Salvatore Sciarrino, il compositore festeggia i 70 anni con due opere: «La vita come la musica vale solo se si trasforma»

«Non vedo differenza tra musica antica e moderna, tra classica e leggera. Il problema oggi è la mancanza di capacità di ascolto. Quando andiamo a sentire qualcosa, non siamo pronti ad accettare l’estraneo. Ecco perché la musica contemporanea viene considerata difficile, soprattutto in Italia. Perché non si è pronti a staccarsi da se stessi, ad ascoltare qualcosa di nuovo e non quello che ci si aspetta».

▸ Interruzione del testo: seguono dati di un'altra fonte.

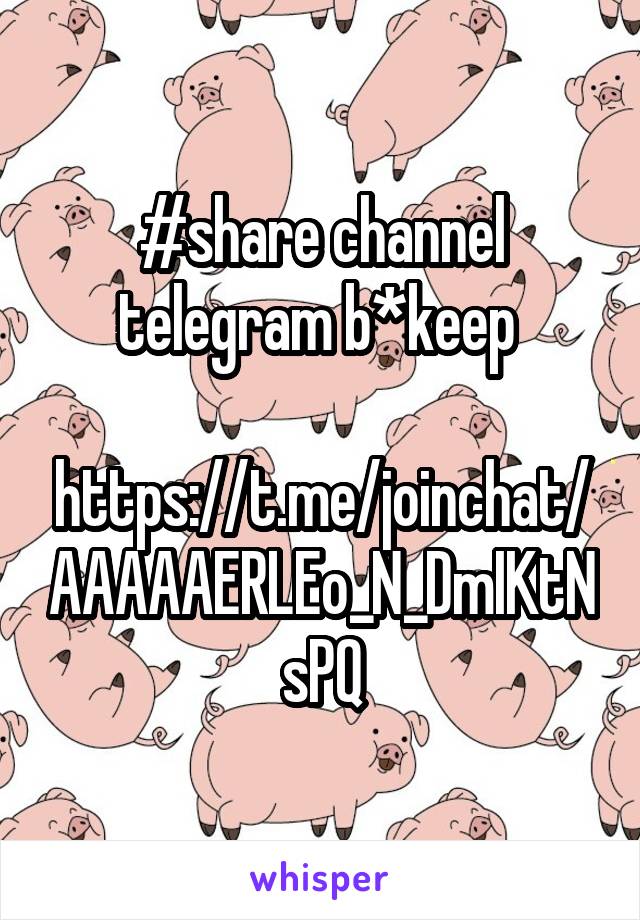 #share channel telegram b*keep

Salvatore Sciarrino, l’anno scorso Leone d’Oro alla carriera, indicato dalla rivista Classic Voice come uno dei dieci più grandi compositori al mondo, vive giorni straordinari. Alla Scala si prepara a debuttare, il 14 novembre, in prima mondiale, con la sua nuova opera Ti vedo, ti sento, mi perdo, di cui firma musica e libretto, ispirata alla vita e agli amori tempestosi di Alessandro Stradella. Al Teatro Massimo di Palermo, la città dove è nato, è protagonista di quattro giorni di celebrazioni che culmineranno stasera con la prima italiana dell’opera Superflumina, dedicata al tema della solitudine e dell’emarginazione.
E tutto in occasione dei suoi 70 anni, che lei ha compiuto ad aprile, sei mesi fa. Che impressione le fa?

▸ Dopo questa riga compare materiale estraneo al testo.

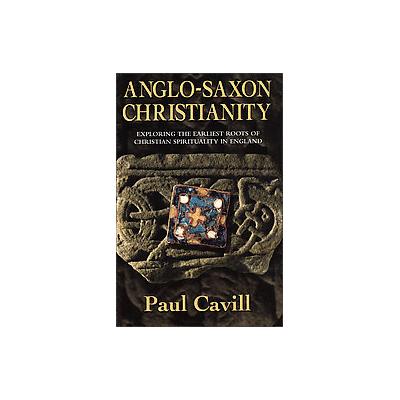 Anglo-Saxon Christianity by Paul Cavill (Paperback - Zondervan)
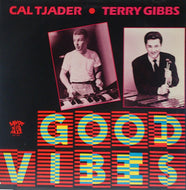 CAL TJADER ・TERRY GIBBS / GOOD VIBES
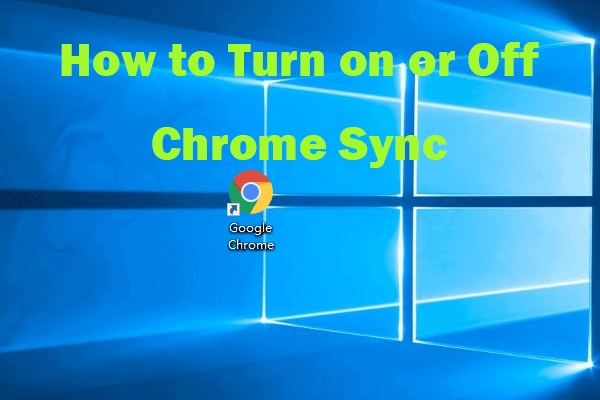 Chrome Sync: How to Turn On or Off Sync in Chrome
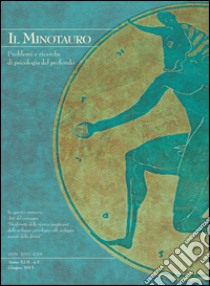 Il minotauro. Problemi e ricerche di psicologia del profondo (2015). Ediz. italiana e inglese. Vol. 1 libro di Fabj L. V. (cur.)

«Mi fa sorridere, io che non ho mai festeggiato un compleanno, neanche il mio diciottesimo. Ma in realtà mi fa molto piacere. Soprattutto l’omaggio della mia Sicilia, la mia cara Sicilia così riconoscente e affettuosa oltre ogni mio merito. Dieci anni fa l’Università di Palermo mi ha pure dato la laurea honoris causa in Musicologia, ed è una cosa che mi ha creato un cortocircuito interiore. Perché tutti i problemi con mio padre erano legati al fatto che non fossi laureato, per lui la musica era un’idea priva di senso».

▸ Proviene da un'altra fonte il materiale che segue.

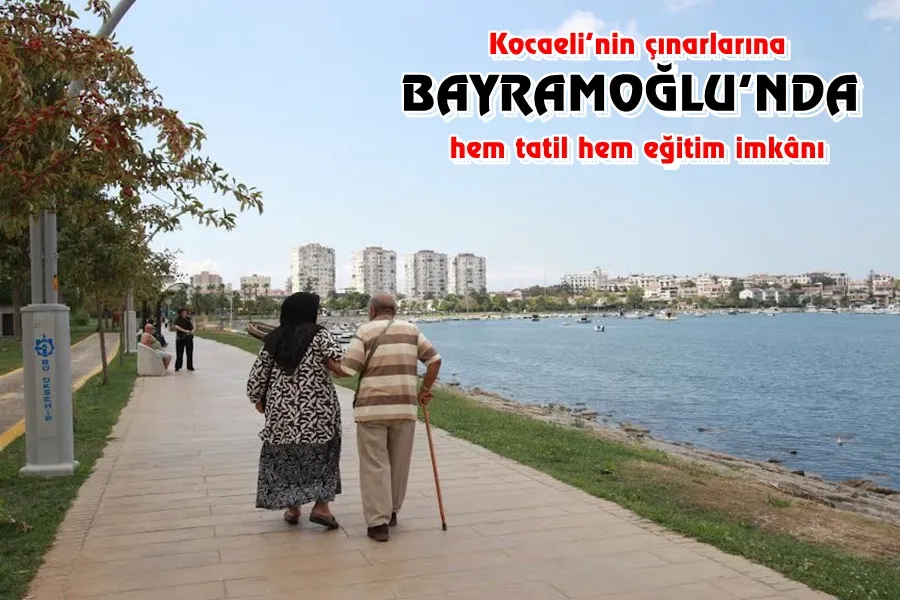 Kocaeli’nin çınarlarına hem tatil hem eğitim imkânı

Già, compositore lei lo è diventato da autodidatta. E adesso è celebrato in tutto il mondo. Vuol dire che la scuola non serve?
«La creatività non può stare nei canali standard, lo standard uccide, le cose più interessanti arrivano dall’underground. In Italia la situazione è particolarmente difficile, altrove ci sono i soldi per le scuole, c’è il sostegno per i giovani compositori. Nel nostro Paese no. E allora non stupiamoci se non c’è più capacità di ascolto, e la musica viene usata come sottofondo a tutto quello che è visivo. Persino Beethoven sta sparendo, solo due cose lo tengono ancora in piedi, “Per Elisa” e l’Inno alla Gioia. E Puccini non è certo amato per le cose che scrive e per la sua problematicità, ma per “All’alba vincerò”. La strada è essere se stessi, unici, individualizzarsi. Ma il mondo è pieno di gente che porta le stesse magliette firmate con la stessa scritta sopra».
Al Teatro Massimo di Palermo sta per debuttare la sua «Superflumina» in un allestimento sorprendente: via le poltrone dalla platea, dove si svolge l’azione, il coro sul palcoscenico, il pubblico sul palco. Che sensazione prova a vedere ogni volta una sua opera trasformarsi nelle mani del regista?
«Mi piace, credo che ogni opera sia destinata proprio a questo, a trasformarsi. È sbagliato pensare al rispetto ortodosso delle volontà dell’autore, io conosco dei colleghi che vivono così, andando in giro come forsennati a controllare le proprie esecuzioni. Ma è nel tradimento che un’opera vive. Shakespeare lo leggiamo in italiano, e non è certo trasposizione da poco. Ma la Terra stessa si trasforma, tutto si trasforma, al di là della nostra piccina e possessiva ed estatica visione della vita che in realtà è amore della morte. Perché bloccare la trasformazione è morte. Neanche il marmo è marmo per sempre. Lo stesso Mozart che cosa direbbe se sentisse oggi suonare la sua musica, lui abituato al suono del fortepiano? Perfino la filologia è un’invenzione».
Mi racconti qualcosa della nuova opera che debutterà alla Scala…
«La musica come nostalgia, il canto delle sirene come pericolo, il mare come avventura, quel mare che oggi affrontano i nostri migranti. E che per me, siciliano, è l’attraversamento verso l’ignoto».